When Browngardt was planning to direct the series “Looney Tunes Cartoons” for HBO Max in 2018, he immediately asked Bauza to audition. Committed to the part, Bauza brought carrots into the booth and ate them as he read for the role of Bugs Bunny.

“Bauza’s auditions stood out because it wasn’t just a straight impersonation of the voices Mel Blanc created,” Browngardt said. “He was able to act within the voices in such a way where it was very funny and very entertaining just like Mel Blanc did it.”

The animation historian Jerry Beck, who created the website Cartoon Research, agreed. “Eric embodies Mel at his prime, which is the 1940s when he was screaming and acting the lines in wilder and crazier ways,” Beck said. “Eric’s nailed that 1940s feeling.” Beck also said that he thought Bauza’s stint working as an animation artist empowered him with a unique advantage over other voice artists, because he understood the process.

For the movie, Bauza recorded all of Porky’s lines first, since Daffy was more strenuous on his vocal cords.
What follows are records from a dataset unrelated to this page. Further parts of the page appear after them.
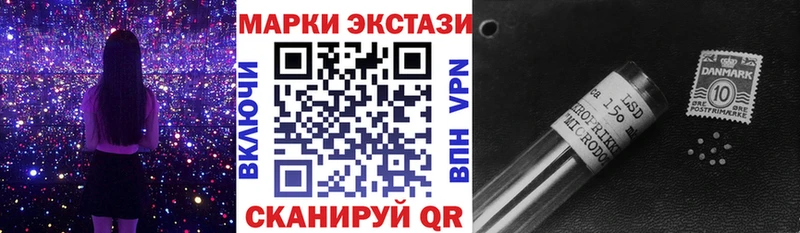 Марки NBOMe 1,8мг  Рыбинск 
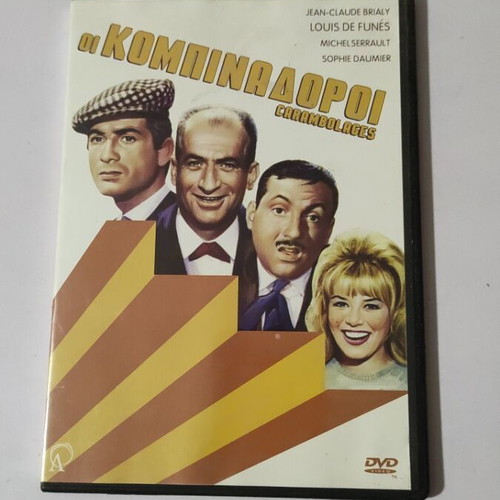 Old movies DVD like new with subtitles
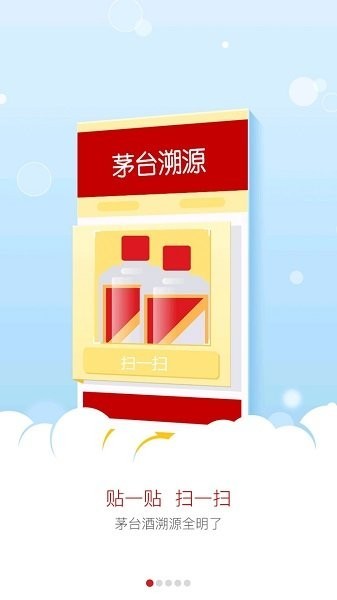 贵州茅台防伪溯源安卓版v3.1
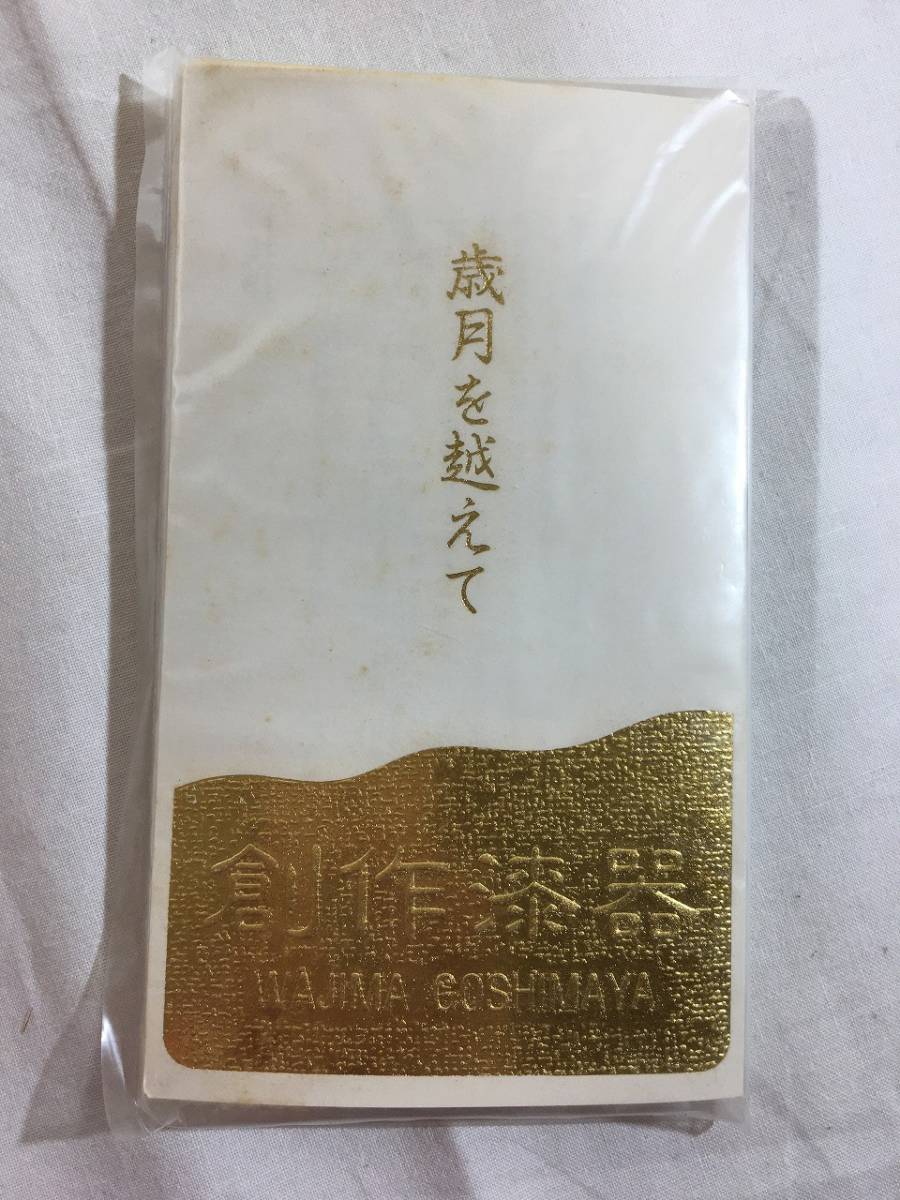 吸物椀 輪島塗 5客 古美術ささき 未使用 Yahoo!オークション 熨斗蒔絵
But what truly impressed Browngardt was how precise Bauza was keeping track of how his two performances would eventually cut together.

“He imagined the scene in his head while performing as these characters that are so well known and he made it all really believable,” Browngardt said.
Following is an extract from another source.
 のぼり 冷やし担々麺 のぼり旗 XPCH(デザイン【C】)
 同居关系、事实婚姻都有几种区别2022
The performer’s first official job in this cartoon universe was voicing Marvin the Martian on “The Looney Tunes Show,” which aired on Cartoon Network from 2011-13. “Oh, isn’t that lovely, Earth creature?’ he said as the extraterrestrial.

On the “Looney Tunes Cartoons” series and in the 2021 film “Space Jam: A New Legacy,” Bauza flaunted his repertoire, voicing at least half a dozen characters in each project.
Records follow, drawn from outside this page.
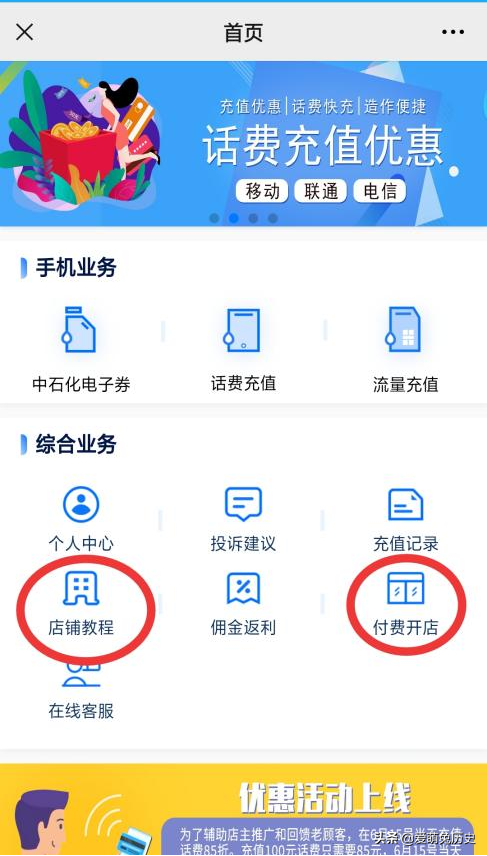 话费可以用来支付哪些东西，手机话费可以用来支付哪些东西（被所有人忽略的话费躺赚项目）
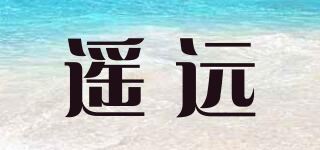 遥远品牌logo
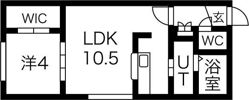 Luminous平岸の間取り画像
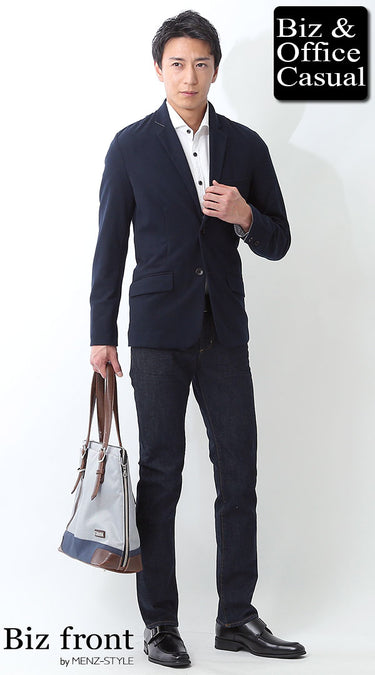 ビジネスカジュアルのジーンズとテーラードジャケットのコーデ例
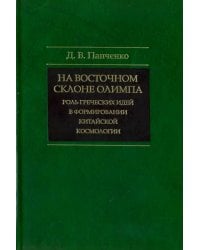 На восточном склоне Олимпа. Роль греческих идей в формировании китайской космологии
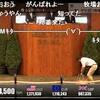 あのDMMが競馬を変えるか。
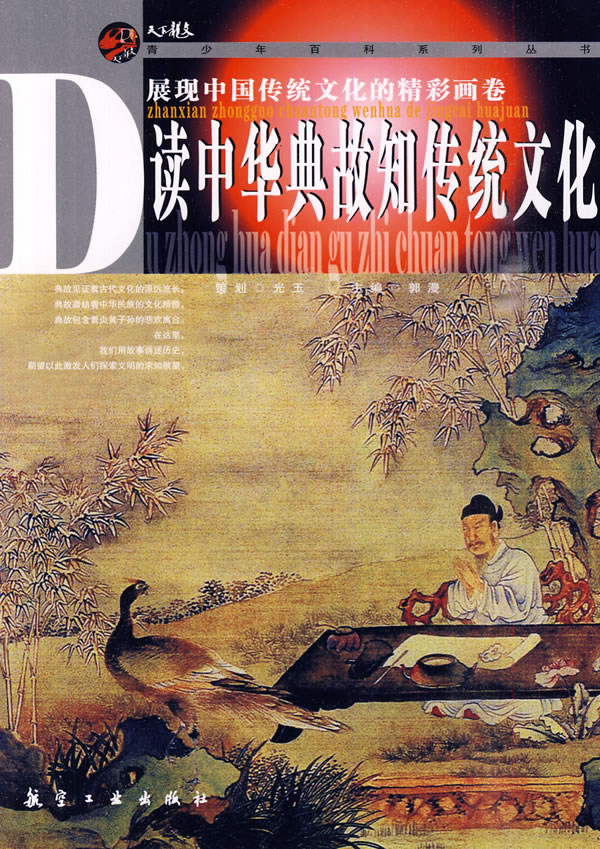 读中华典故知传统文化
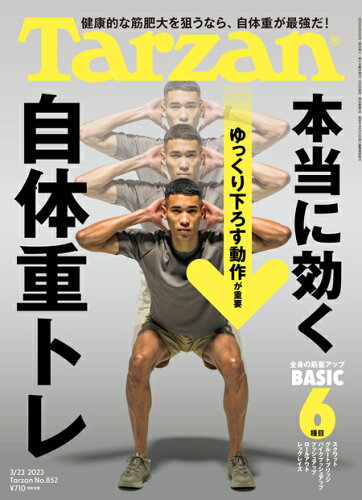 JAN 4910240340339 Tarzan (ターザン) 2023年 3/23号 [雑誌]/マガジンハウス 本・雑誌・コミック 画像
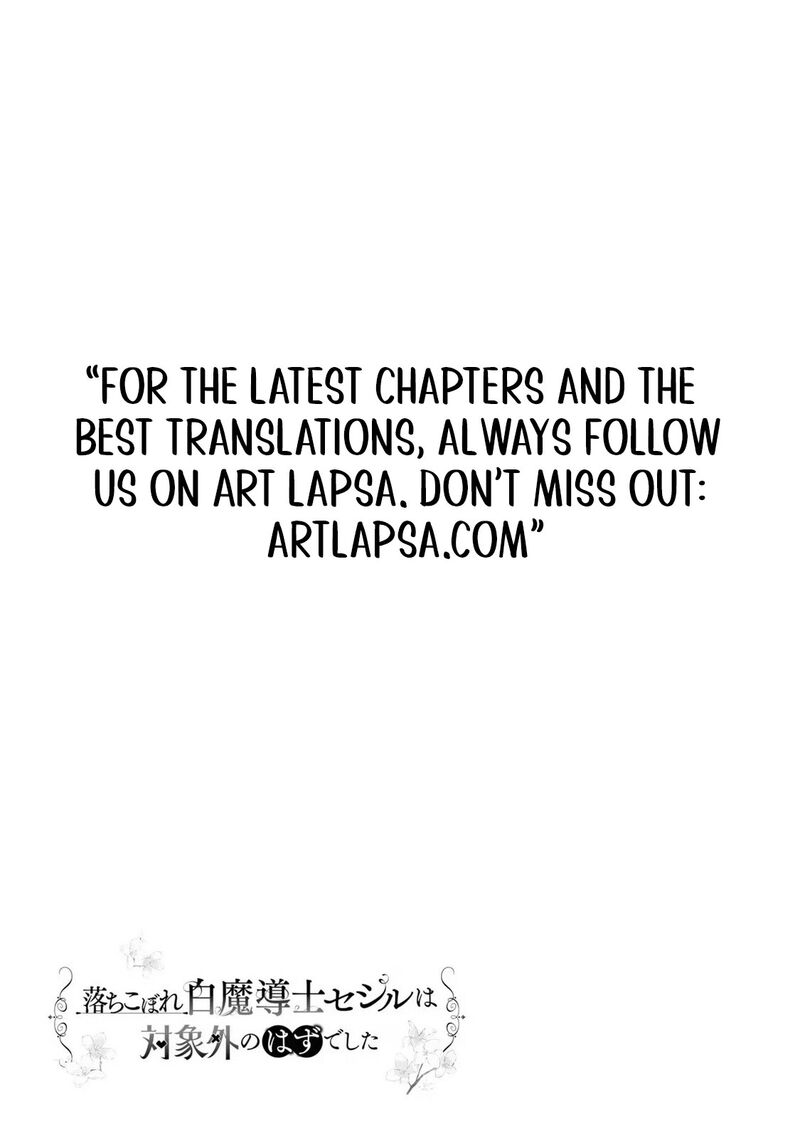 Ochikobore Shiro Madoushi Cecil Wa Taishougai No Hazu Deshita 11 45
Beyond “Looney Tunes,” Bauza is also the voice match for the character Puss in Boots, voiced famously by Antonio Banderas. When the Spanish actor is unavailable to play the valiant feline (like for select TV ads), Bauza takes over.

He and other voice actors have found an additional source of income: stepping in for A-list talent when schedules conflict or when an actor is dismissed from a project. Bauza has voice-matched Bill Hader on “Bob’s Burgers” and Ezra Miller on “Invincible.”

Bauza believes his career has been built from a series of generous acts by the people in his life. From his late uncle who moved from Toronto to Los Angeles, and with whom he lived during his first internship in 1999, to all the artists who’ve entrusted him with bringing their characters to life.

Over the course of our conversation the vocally chameleonic Bauza channeled the voice of Homer and Marge Simpson, Peter Griffin from “Family Guy,” the actor Seth Rogen and even President Trump. “These Canadians, they’re coming over the border taking all the American voice jobs, we got to get them back to Canada,” he said in Trump’s distinct tone while smiling.

Still, Bauza hopes to one day be best known for a voice all his own.

“In this business the dream is to create an iconic voice that every kid in the schoolyard does,” Bauza said. “I’ve had some original characters that were well known, but none that when you do it everyone in the room lights up like you are putting on a superhero cape.”